Ces maladies dangereuses ne sont pas propres à l’Algérie, mais touchent également de nombreux pays dans le monde. Le ministère de la Santé a enregistré 3,5 à 4 cas de patients touchés par l’hépatite B sur 100 000 habitants en 2006, contre 2,5 à 3 cas pour l’hépatite C. En 2007, ces chiffres ont baissé et il est fait état d’environ 2,5 personnes atteintes par l’hépatite B sur un échantillon de 100 000 personnes, contre 2 personnes atteintes par l’hépatite C. Selon les statistiques fournies par M. Tafrani, il ressort une baisse sensible des cas de malades atteints par ces hépatites virales.
Ce fonctionnaire au ministère de la Santé a également fait savoir qu’une réunion entre experts médicaux sera prochainement tenue, en vue notamment de préparer un consensus thérapeutique et de mettre un terme aux pratiques unilatérales en matière de traitements prodigués par certains praticiens.

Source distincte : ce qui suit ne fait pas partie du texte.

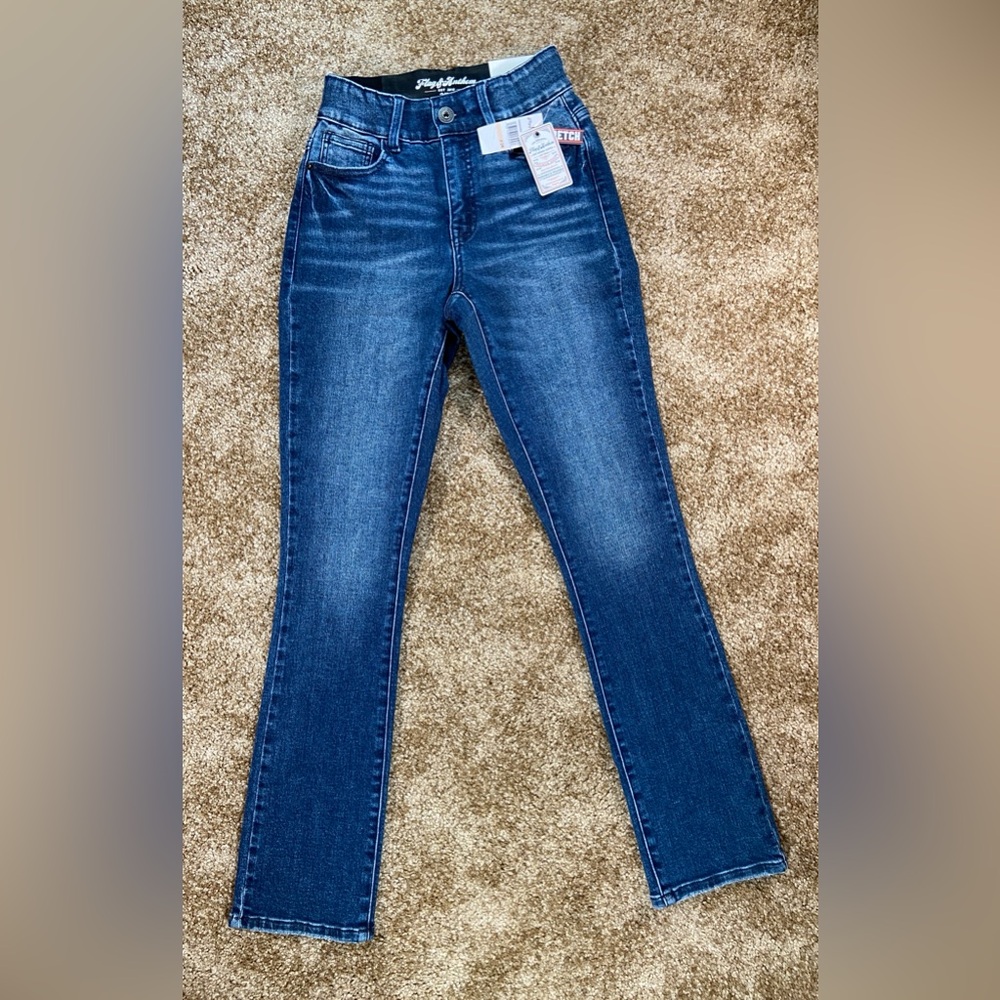 Flag & Anthem High Rise Straight Jeans NWT Stretch Denim Size 2/26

Présidé par le ministre de la Santé, de la Population et de la Réforme hospitalière, Amar Tou, ce comité, dont le travail a déjà été entamé le 25 mars dernier, aura à élire le vice-président et les membres coordinateurs. Parmi les missions du comité, M. Tafrani a cité, entres autres, la proposition d’un programme national et la formulation de recommandations à l’effet de lutter de manière efficace contre ces maladies.

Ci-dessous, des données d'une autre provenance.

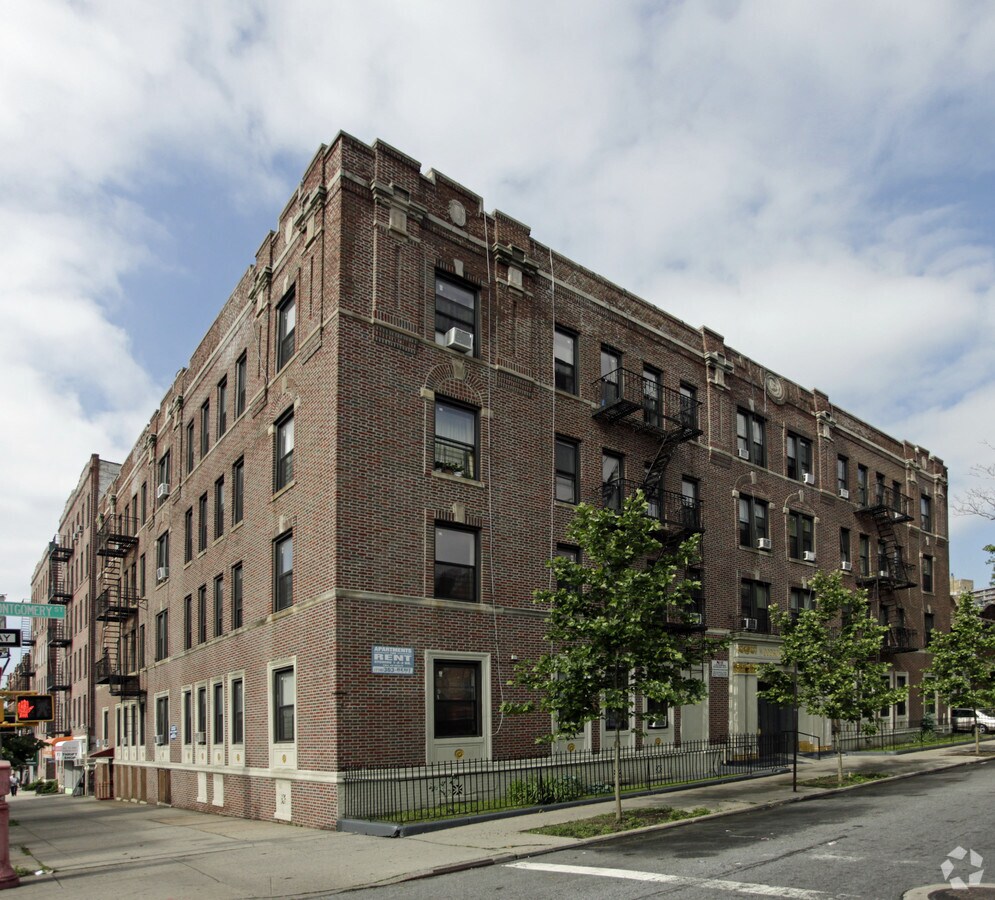 Photo - Woodrow Wilson Court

De son côté, Mme Sonia Meribout, vice-présidente chargée des maladies transmissibles au même ministère, a soutenu que le comité, une fois installé, aura à préparer en consensus un plan de traitement national contre l’hépatite B et C. Un cycle de formation sera dispensé, selon elle, pour améliorer les compétences des professionnels de la santé dans la prise en charge des malades atteints de ces infections virales.
Il est à noter que les hépatites virales sont des affections inflammatoires du foie provoquées par un virus qui s’attaque notamment à cet organe. Le virus de l’hépatite C (VHC) est essentiellement transmis par le sang. Evoluant dans 80 % des cas vers la chronicité, l’hépatite posttransfusionnelle est la plus fréquente.

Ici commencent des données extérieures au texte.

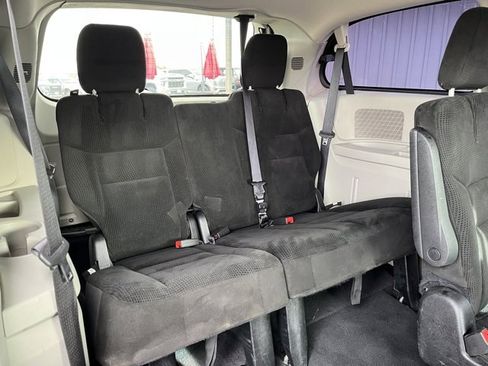 Used 2016 Dodge Grand Caravan SXT w/ Rear Park Assist Package image 38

L’hépatite B est une infection sexuellement transmissible. La prévention des infections virales transmises par le sang exige une application des plus strictes des précautions générales d’hygiène par les malades, le personnel soignant, les laboratoires.
Il est question, entre autres, du lavage permanent des mains avec un savon liquide puis de séchage minutieux avec un essuie-mains à usage unique, de port de gants, de port de lunettes et de masques, de port de coiffes et de traitement des déchets découlant de l’activité de soins, à risque infectieux.